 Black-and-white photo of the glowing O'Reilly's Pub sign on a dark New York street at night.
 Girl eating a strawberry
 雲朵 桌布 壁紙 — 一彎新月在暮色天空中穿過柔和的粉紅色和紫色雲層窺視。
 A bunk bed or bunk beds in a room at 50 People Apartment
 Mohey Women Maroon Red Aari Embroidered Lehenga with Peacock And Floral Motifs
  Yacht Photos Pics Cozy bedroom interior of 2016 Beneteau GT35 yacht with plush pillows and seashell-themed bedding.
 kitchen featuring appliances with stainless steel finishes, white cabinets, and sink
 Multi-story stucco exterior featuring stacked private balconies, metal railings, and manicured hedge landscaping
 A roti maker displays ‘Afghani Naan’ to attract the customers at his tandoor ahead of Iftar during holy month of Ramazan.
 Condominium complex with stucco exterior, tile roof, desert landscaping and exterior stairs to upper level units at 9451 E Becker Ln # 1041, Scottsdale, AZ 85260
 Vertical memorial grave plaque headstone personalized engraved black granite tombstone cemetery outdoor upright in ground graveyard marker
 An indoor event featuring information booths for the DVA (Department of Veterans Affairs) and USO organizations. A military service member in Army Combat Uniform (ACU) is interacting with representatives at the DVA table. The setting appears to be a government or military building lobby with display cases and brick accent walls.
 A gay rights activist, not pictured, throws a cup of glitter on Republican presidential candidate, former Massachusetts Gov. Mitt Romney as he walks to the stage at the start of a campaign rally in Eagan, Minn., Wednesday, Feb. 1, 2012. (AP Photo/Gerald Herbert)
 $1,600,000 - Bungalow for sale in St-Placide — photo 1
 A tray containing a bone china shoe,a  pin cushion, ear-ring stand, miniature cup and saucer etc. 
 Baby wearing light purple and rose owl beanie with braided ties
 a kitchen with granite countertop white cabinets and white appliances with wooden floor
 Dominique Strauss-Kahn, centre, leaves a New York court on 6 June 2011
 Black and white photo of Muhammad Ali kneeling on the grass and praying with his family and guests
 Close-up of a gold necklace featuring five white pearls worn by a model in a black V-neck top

▶ _Task description_: Print, without alteration, only the lines above between the one holding "雲朵 桌布 壁紙 — 一彎新月在暮色天空中穿過柔和的粉紅色和紫色雲層窺視。" and the one holding "Mohey Women Maroon", inclusive.

▶ _Written answer_:
 雲朵 桌布 壁紙 — 一彎新月在暮色天空中穿過柔和的粉紅色和紫色雲層窺視。
 A bunk bed or bunk beds in a room at 50 People Apartment
 Mohey Women Maroon Red Aari Embroidered Lehenga with Peacock And Floral Motifs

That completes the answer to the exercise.